| Work to be completed |
Reproduce the entries. Match every word.

| Records to process |

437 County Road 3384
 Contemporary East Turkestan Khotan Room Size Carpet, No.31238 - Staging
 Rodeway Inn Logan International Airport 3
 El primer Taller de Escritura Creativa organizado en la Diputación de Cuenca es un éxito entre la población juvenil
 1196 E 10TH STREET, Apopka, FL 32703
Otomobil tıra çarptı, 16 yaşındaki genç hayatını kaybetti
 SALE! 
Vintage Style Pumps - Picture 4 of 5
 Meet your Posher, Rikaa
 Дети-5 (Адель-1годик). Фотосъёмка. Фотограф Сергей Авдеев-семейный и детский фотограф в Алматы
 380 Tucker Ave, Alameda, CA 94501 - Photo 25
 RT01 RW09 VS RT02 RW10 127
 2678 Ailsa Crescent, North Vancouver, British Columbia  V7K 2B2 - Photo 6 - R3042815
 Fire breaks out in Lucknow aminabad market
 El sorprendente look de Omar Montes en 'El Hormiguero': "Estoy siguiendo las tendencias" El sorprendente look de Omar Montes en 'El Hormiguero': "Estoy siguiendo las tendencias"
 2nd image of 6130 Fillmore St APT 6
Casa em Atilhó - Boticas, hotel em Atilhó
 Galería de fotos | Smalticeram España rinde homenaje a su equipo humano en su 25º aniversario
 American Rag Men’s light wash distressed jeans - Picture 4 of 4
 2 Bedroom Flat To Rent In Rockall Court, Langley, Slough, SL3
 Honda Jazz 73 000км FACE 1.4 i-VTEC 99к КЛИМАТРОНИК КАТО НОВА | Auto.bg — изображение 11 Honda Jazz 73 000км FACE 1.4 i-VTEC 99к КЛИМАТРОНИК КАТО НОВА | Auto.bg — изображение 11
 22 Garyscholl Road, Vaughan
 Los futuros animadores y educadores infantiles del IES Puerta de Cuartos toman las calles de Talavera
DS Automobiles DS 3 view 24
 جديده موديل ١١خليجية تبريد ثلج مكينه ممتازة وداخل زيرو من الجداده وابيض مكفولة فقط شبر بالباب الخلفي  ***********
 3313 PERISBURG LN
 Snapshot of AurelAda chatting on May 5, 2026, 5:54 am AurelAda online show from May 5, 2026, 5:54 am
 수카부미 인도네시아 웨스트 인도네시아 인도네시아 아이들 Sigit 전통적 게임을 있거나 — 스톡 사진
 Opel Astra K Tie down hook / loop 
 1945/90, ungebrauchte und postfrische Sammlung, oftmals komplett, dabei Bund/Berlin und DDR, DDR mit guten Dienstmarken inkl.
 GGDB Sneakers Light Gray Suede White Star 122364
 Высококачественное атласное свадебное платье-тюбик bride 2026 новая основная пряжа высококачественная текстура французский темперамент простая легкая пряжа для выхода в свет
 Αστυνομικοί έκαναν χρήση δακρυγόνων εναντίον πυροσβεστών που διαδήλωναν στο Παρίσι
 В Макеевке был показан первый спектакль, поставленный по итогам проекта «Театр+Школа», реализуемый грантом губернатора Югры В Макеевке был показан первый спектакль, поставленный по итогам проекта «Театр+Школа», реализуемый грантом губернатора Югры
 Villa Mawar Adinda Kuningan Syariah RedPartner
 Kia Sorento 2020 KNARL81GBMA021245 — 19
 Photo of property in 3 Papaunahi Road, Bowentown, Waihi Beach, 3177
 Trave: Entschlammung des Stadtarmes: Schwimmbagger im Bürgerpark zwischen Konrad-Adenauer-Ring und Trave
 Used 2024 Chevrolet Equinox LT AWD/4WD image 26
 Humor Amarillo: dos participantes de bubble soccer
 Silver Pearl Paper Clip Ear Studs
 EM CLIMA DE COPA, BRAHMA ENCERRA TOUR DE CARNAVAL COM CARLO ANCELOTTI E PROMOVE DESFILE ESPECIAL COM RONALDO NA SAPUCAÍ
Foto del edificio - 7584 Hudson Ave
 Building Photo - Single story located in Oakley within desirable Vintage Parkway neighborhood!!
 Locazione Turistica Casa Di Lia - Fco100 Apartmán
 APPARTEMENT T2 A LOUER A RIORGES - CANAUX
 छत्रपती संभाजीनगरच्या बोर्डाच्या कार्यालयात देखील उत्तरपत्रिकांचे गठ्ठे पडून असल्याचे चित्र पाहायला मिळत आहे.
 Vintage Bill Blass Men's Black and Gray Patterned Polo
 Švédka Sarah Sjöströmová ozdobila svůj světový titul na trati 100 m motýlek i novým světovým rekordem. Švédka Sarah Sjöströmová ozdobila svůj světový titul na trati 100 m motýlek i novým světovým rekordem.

| Exercise answer |
437 County Road 3384
 Contemporary East Turkestan Khotan Room Size Carpet, No.31238 - Staging
 Rodeway Inn Logan International Airport 3
 El primer Taller de Escritura Creativa organizado en la Diputación de Cuenca es un éxito entre la población juvenil
 1196 E 10TH STREET, Apopka, FL 32703
Otomobil tıra çarptı, 16 yaşındaki genç hayatını kaybetti
 SALE! 
Vintage Style Pumps - Picture 4 of 5
 Meet your Posher, Rikaa
 Дети-5 (Адель-1годик). Фотосъёмка. Фотограф Сергей Авдеев-семейный и детский фотограф в Алматы
 380 Tucker Ave, Alameda, CA 94501 - Photo 25
 RT01 RW09 VS RT02 RW10 127
 2678 Ailsa Crescent, North Vancouver, British Columbia  V7K 2B2 - Photo 6 - R3042815
 Fire breaks out in Lucknow aminabad market
 El sorprendente look de Omar Montes en 'El Hormiguero': "Estoy siguiendo las tendencias" El sorprendente look de Omar Montes en 'El Hormiguero': "Estoy siguiendo las tendencias"
 2nd image of 6130 Fillmore St APT 6
Casa em Atilhó - Boticas, hotel em Atilhó
 Galería de fotos | Smalticeram España rinde homenaje a su equipo humano en su 25º aniversario
 American Rag Men’s light wash distressed jeans - Picture 4 of 4
 2 Bedroom Flat To Rent In Rockall Court, Langley, Slough, SL3
 Honda Jazz 73 000км FACE 1.4 i-VTEC 99к КЛИМАТРОНИК КАТО НОВА | Auto.bg — изображение 11 Honda Jazz 73 000км FACE 1.4 i-VTEC 99к КЛИМАТРОНИК КАТО НОВА | Auto.bg — изображение 11
 22 Garyscholl Road, Vaughan
 Los futuros animadores y educadores infantiles del IES Puerta de Cuartos toman las calles de Talavera
DS Automobiles DS 3 view 24
 جديده موديل ١١خليجية تبريد ثلج مكينه ممتازة وداخل زيرو من الجداده وابيض مكفولة فقط شبر بالباب الخلفي  ***********
 3313 PERISBURG LN
 Snapshot of AurelAda chatting on May 5, 2026, 5:54 am AurelAda online show from May 5, 2026, 5:54 am
 수카부미 인도네시아 웨스트 인도네시아 인도네시아 아이들 Sigit 전통적 게임을 있거나 — 스톡 사진
 Opel Astra K Tie down hook / loop 
 1945/90, ungebrauchte und postfrische Sammlung, oftmals komplett, dabei Bund/Berlin und DDR, DDR mit guten Dienstmarken inkl.
 GGDB Sneakers Light Gray Suede White Star 122364
 Высококачественное атласное свадебное платье-тюбик bride 2026 новая основная пряжа высококачественная текстура французский темперамент простая легкая пряжа для выхода в свет
 Αστυνομικοί έκαναν χρήση δακρυγόνων εναντίον πυροσβεστών που διαδήλωναν στο Παρίσι
 В Макеевке был показан первый спектакль, поставленный по итогам проекта «Театр+Школа», реализуемый грантом губернатора Югры В Макеевке был показан первый спектакль, поставленный по итогам проекта «Театр+Школа», реализуемый грантом губернатора Югры
 Villa Mawar Adinda Kuningan Syariah RedPartner
 Kia Sorento 2020 KNARL81GBMA021245 — 19
 Photo of property in 3 Papaunahi Road, Bowentown, Waihi Beach, 3177
 Trave: Entschlammung des Stadtarmes: Schwimmbagger im Bürgerpark zwischen Konrad-Adenauer-Ring und Trave
 Used 2024 Chevrolet Equinox LT AWD/4WD image 26
 Humor Amarillo: dos participantes de bubble soccer
 Silver Pearl Paper Clip Ear Studs
 EM CLIMA DE COPA, BRAHMA ENCERRA TOUR DE CARNAVAL COM CARLO ANCELOTTI E PROMOVE DESFILE ESPECIAL COM RONALDO NA SAPUCAÍ
Foto del edificio - 7584 Hudson Ave
 Building Photo - Single story located in Oakley within desirable Vintage Parkway neighborhood!!
 Locazione Turistica Casa Di Lia - Fco100 Apartmán
 APPARTEMENT T2 A LOUER A RIORGES - CANAUX
 छत्रपती संभाजीनगरच्या बोर्डाच्या कार्यालयात देखील उत्तरपत्रिकांचे गठ्ठे पडून असल्याचे चित्र पाहायला मिळत आहे.
 Vintage Bill Blass Men's Black and Gray Patterned Polo
 Švédka Sarah Sjöströmová ozdobila svůj světový titul na trati 100 m motýlek i novým světovým rekordem. Švédka Sarah Sjöströmová ozdobila svůj světový titul na trati 100 m motýlek i novým světovým rekordem.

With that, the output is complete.